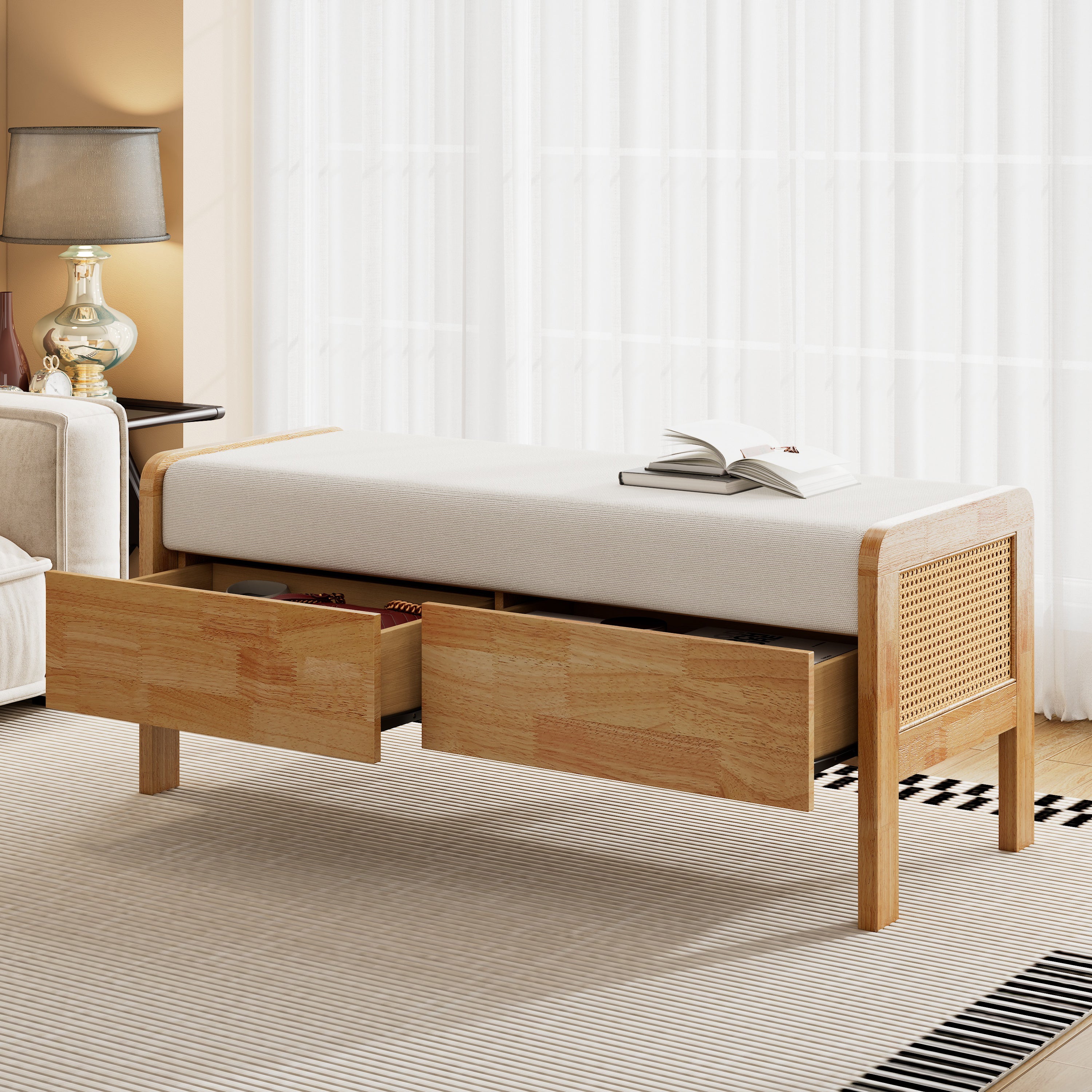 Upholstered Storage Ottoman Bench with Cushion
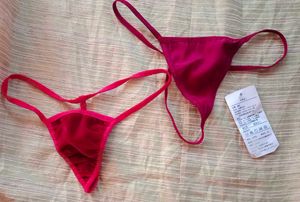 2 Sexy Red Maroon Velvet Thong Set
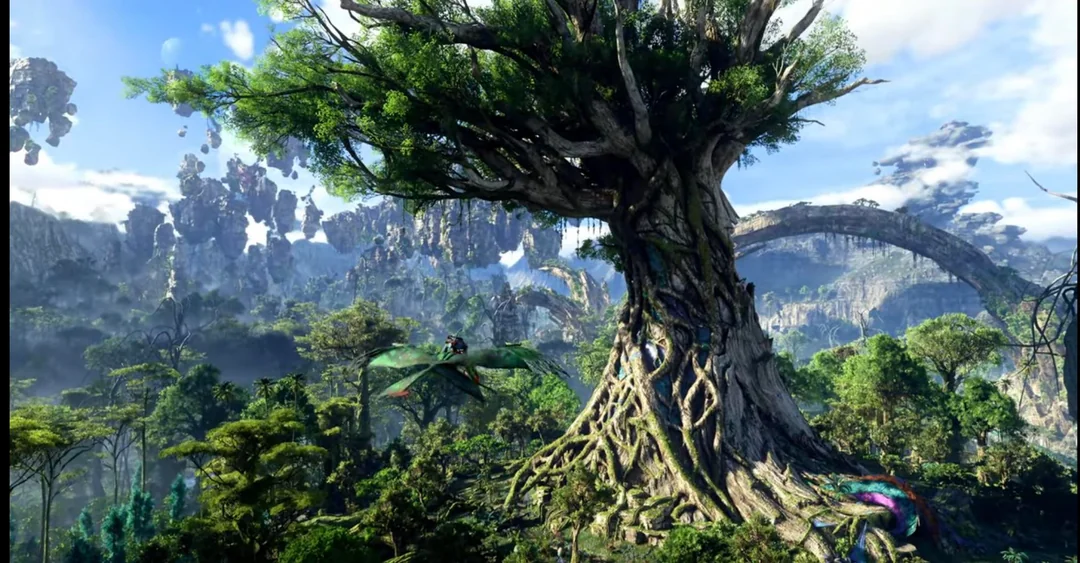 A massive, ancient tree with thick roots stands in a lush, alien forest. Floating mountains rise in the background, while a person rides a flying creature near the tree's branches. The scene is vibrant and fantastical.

---

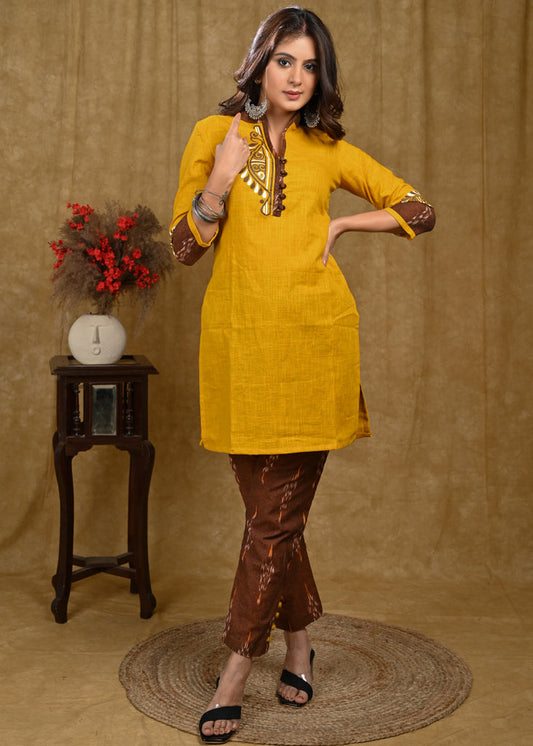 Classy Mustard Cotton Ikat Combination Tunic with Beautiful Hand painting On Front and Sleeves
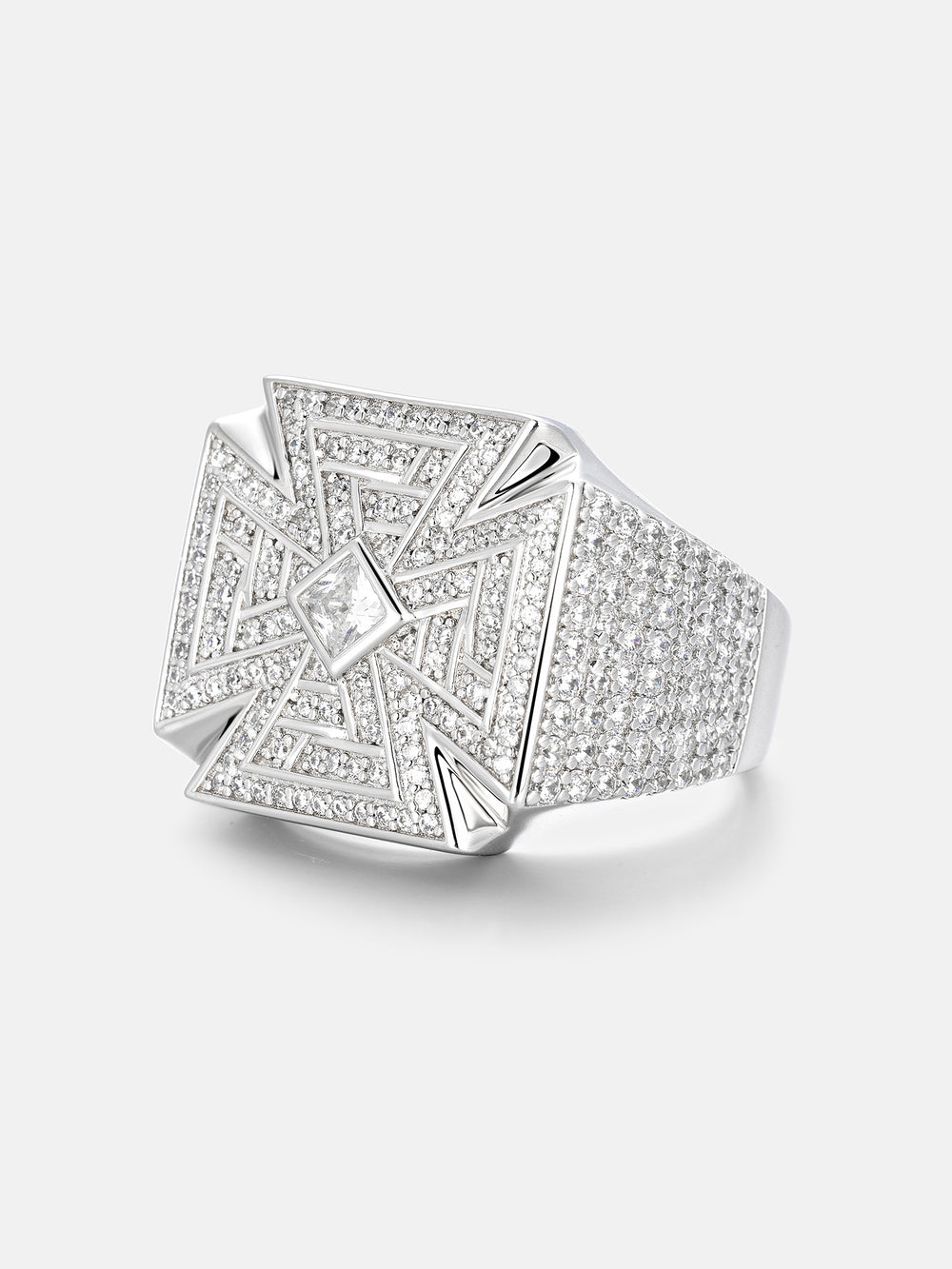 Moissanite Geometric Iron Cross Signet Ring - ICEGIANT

**WORK TASK:** I'd like the lines above repeated exactly, from the one that contains "Classy Mustard Cotton" through the one that contains "Moissanite Geometric Iron", with no pictures.

**TASK RESPONSE:**
 Classy Mustard Cotton Ikat Combination Tunic with Beautiful Hand painting On Front and Sleeves
 Moissanite Geometric Iron Cross Signet Ring - ICEGIANT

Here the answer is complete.